Tom Perrotta is a name I'll always notice; among his novels, "The Wishbones," "Election," "The Leftovers," and "Joe College" are my favorites.
Perrotta's special skill is his ability to describe moments of mundane discomfort. We all live through these moments; we just don't commit them to the blank page. In the new novel, "Ghost Town," a young man, Jimmy, meets a stranger and bluntly concedes that his mother has just died. But then he thinks he sounds glib, so he offers a few sentences about his mourning. And he realizes that the sentences might be what they (in fact) are: nervous, meaningless throat-clearing. Life goes on.
"Ghost Town" is set in Garwood (called "Creamwood"), NJ, in the 1970s. Everyone is white; everyone smokes cigarettes. A dispute might involve a schoolteacher and a hippie at the local McDonald's. "I understand your flat feet kept you out of Vietnam...."

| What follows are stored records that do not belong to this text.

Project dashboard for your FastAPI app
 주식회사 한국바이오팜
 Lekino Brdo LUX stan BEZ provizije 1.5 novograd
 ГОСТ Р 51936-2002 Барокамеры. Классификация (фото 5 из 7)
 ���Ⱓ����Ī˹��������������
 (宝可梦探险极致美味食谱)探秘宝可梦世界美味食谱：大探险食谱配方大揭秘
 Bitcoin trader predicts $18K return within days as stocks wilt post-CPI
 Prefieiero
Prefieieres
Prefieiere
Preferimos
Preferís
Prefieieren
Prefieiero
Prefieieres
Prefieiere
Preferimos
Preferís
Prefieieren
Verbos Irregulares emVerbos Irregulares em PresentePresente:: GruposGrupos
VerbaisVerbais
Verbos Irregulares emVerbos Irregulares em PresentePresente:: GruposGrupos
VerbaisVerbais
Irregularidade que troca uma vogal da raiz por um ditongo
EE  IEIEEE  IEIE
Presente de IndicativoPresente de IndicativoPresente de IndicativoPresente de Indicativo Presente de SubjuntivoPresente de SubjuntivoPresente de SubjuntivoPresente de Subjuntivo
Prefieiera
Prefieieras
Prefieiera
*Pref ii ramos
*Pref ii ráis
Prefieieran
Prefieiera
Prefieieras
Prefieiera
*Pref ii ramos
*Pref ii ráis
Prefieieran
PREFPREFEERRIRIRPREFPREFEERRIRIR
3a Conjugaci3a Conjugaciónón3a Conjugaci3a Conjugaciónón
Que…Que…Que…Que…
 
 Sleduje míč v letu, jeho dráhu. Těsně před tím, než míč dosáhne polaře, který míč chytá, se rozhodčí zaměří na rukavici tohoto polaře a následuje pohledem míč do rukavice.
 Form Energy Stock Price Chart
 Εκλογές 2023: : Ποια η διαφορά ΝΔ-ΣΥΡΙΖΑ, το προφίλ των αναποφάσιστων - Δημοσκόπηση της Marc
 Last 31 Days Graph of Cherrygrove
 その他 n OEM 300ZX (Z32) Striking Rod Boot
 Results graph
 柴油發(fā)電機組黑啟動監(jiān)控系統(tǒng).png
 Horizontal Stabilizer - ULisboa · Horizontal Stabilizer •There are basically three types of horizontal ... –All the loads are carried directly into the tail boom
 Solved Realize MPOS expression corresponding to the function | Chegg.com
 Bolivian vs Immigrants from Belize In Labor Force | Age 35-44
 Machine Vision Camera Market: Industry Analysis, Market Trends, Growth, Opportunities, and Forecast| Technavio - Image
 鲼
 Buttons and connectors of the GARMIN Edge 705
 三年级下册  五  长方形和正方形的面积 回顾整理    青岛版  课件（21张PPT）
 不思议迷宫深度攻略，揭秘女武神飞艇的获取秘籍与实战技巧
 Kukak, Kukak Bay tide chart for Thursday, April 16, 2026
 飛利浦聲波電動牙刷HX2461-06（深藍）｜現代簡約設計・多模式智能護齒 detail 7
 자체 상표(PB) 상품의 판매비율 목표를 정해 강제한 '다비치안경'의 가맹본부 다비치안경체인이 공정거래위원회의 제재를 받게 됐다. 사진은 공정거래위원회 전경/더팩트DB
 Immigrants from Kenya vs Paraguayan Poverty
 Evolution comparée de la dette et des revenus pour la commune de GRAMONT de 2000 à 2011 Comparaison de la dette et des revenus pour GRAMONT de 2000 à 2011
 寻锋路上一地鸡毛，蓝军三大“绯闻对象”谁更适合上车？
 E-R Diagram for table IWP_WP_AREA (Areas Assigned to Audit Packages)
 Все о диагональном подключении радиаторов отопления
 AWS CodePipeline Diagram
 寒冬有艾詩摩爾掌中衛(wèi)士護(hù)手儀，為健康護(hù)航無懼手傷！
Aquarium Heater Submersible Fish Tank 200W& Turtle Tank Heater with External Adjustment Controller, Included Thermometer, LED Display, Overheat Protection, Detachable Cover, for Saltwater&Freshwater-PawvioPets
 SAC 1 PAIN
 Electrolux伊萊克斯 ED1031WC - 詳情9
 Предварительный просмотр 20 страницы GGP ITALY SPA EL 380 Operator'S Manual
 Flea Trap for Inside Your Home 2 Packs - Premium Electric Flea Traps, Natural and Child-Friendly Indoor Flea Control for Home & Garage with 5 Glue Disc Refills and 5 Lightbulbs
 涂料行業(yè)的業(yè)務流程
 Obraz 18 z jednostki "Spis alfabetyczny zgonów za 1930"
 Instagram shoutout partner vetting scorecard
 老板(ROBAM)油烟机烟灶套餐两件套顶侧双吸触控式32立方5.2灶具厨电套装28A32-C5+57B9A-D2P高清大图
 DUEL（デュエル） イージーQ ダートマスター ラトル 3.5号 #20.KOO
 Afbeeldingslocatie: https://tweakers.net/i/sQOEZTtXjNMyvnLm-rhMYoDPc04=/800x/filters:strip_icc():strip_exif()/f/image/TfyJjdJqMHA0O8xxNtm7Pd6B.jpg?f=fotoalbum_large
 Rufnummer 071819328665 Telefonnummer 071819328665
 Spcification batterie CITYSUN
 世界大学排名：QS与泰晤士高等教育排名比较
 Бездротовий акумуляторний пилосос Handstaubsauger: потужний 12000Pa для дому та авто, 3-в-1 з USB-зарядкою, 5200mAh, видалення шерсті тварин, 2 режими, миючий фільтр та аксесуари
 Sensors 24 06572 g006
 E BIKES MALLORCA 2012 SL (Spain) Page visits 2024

In this small town, Jimmy, a high-school student, suffers the loss of his mother. He finds that he is unmoored. He wastes his days masturbating while observing his sunbathing cousin; his literary ambitions are evident in the time he spends listening to Jethro Tull. A stranger--Eddie--comes to town. Eddie is older; he buys his marijuana at the front counter at Burger King. (The code is embedded in a question: "Do you want one ketchup packet--or two?") Eddie's thinking is often questionable. He seems racist. Also, he gives a strange account of his uncle's behavior: "Yes, he murdered his girlfriend--but he had caught her in bed with his buddy. She hadn't even removed her engagement ring. I mean....what was he *supposed* to do?"
Jimmy's squirmy semi-friendship with Eddie forms the spine of this novel. As in most other Perrotta works, there are twists and turns; my sense of emotional investment caught me by surprise.
This is a fast, elegant novel; you can speed through it in one sitting. Recommended.